= Data in this exercise =
________________

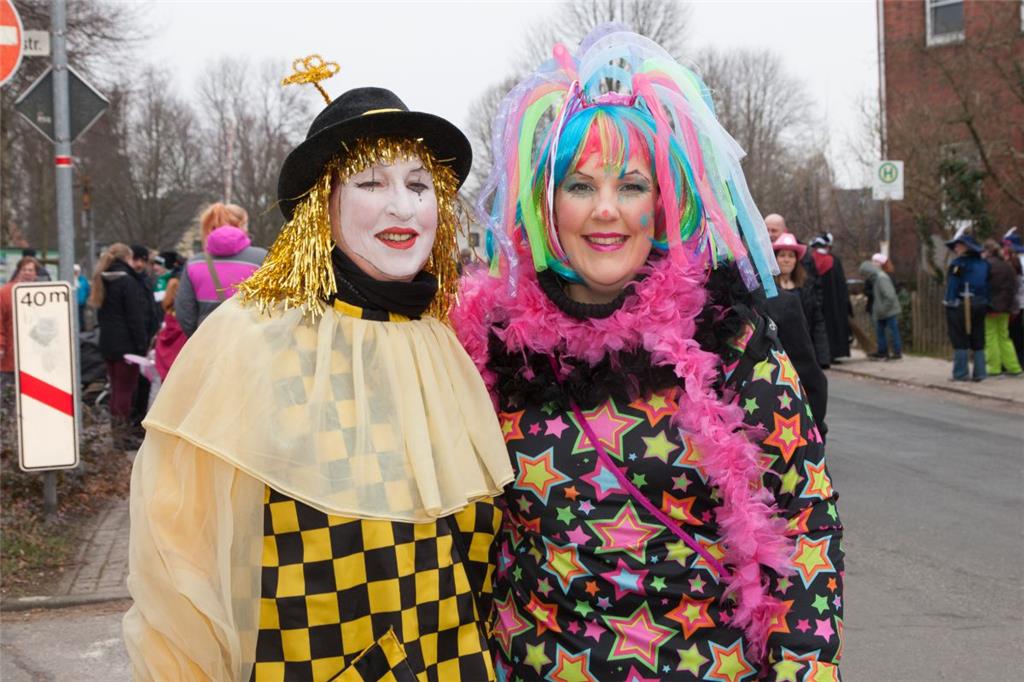 Ines Meyer und Nadine Wallentowitz. Karneval in Wehdel 2018. Foto: Kai-Martin Ul...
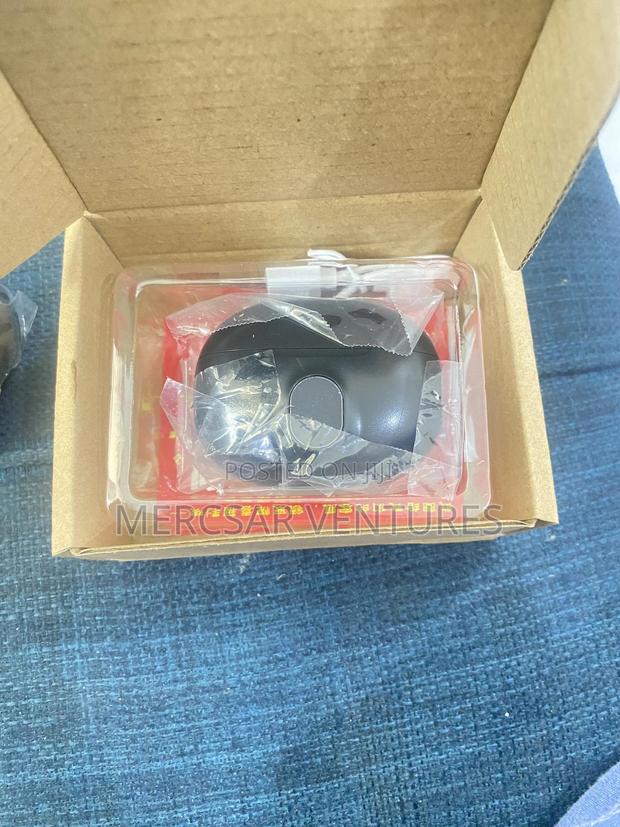 New Tws Wireless Headphones Bluetooth Led Digital Earphones photo 2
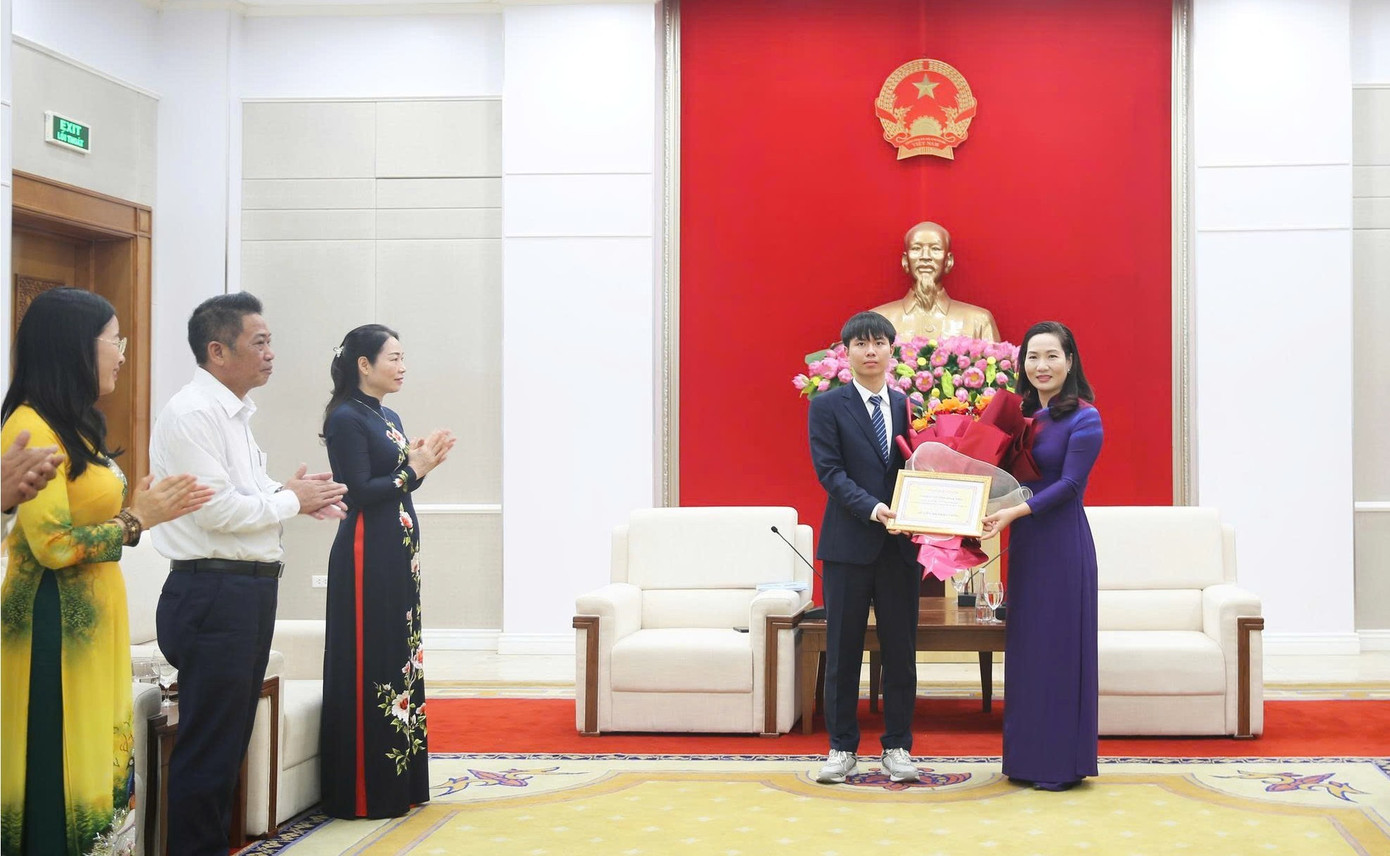 Quảng Ninh thưởng 400 triệu cho học sinh đạt giải Olympic Tin học Quốc tế- Ảnh 1.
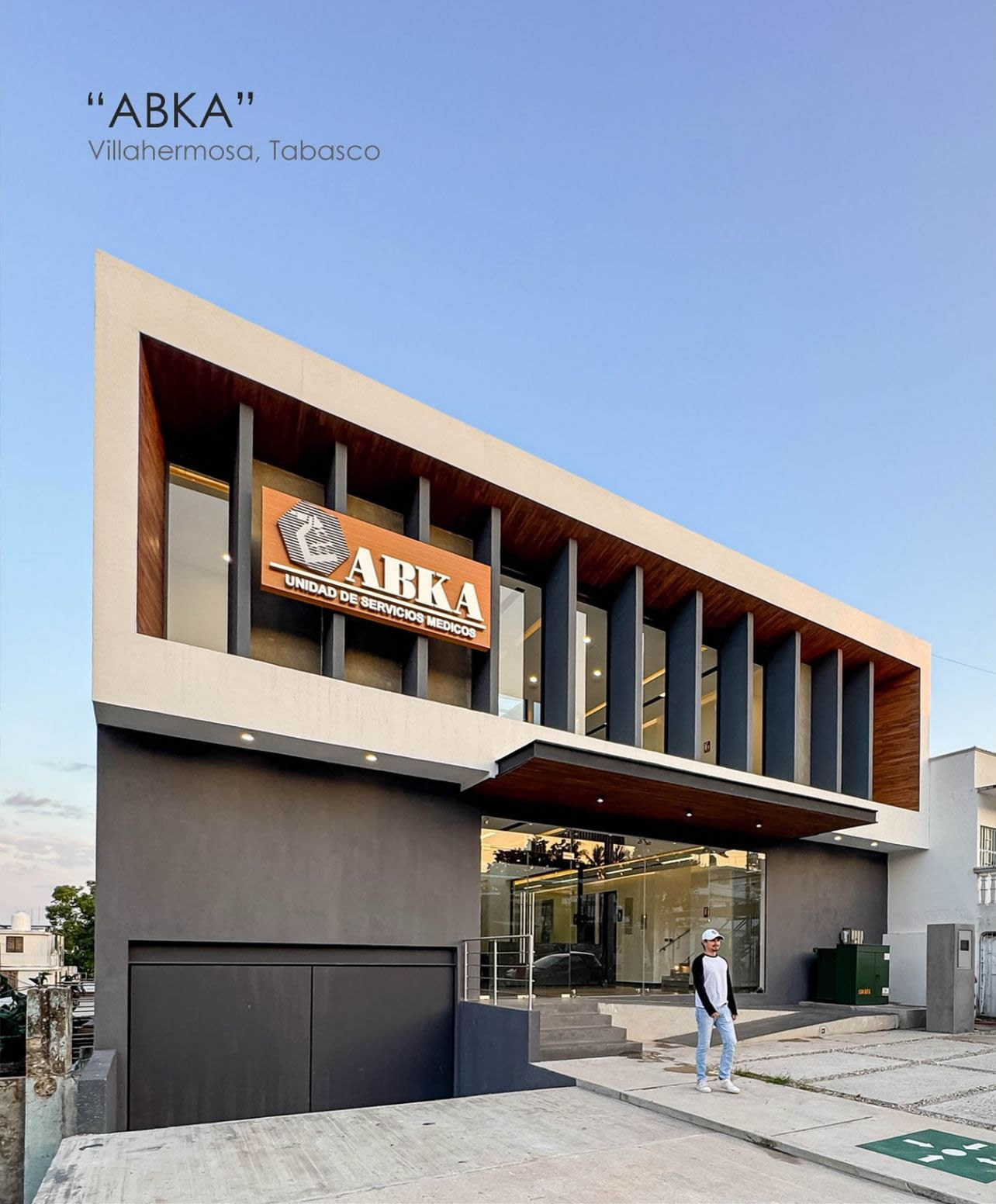 Fachada de las oficinas de ABKA Unidad de servicios médicos en Villahermosa, Tabasco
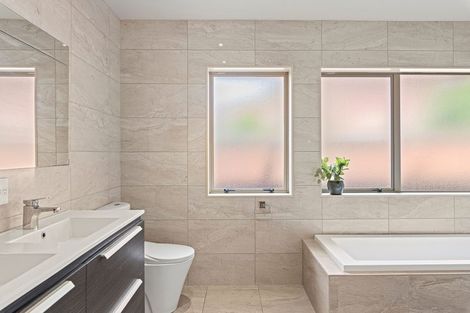 Photo of property in 1 Henridge Place, Avonhead, Christchurch, 8042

________________

= What to produce =
Please print every record exactly as written, without the pictures.

= Solution to the problem =
 Ines Meyer und Nadine Wallentowitz. Karneval in Wehdel 2018. Foto: Kai-Martin Ul...
 New Tws Wireless Headphones Bluetooth Led Digital Earphones photo 2
 Quảng Ninh thưởng 400 triệu cho học sinh đạt giải Olympic Tin học Quốc tế- Ảnh 1.
 Fachada de las oficinas de ABKA Unidad de servicios médicos en Villahermosa, Tabasco
 Photo of property in 1 Henridge Place, Avonhead, Christchurch, 8042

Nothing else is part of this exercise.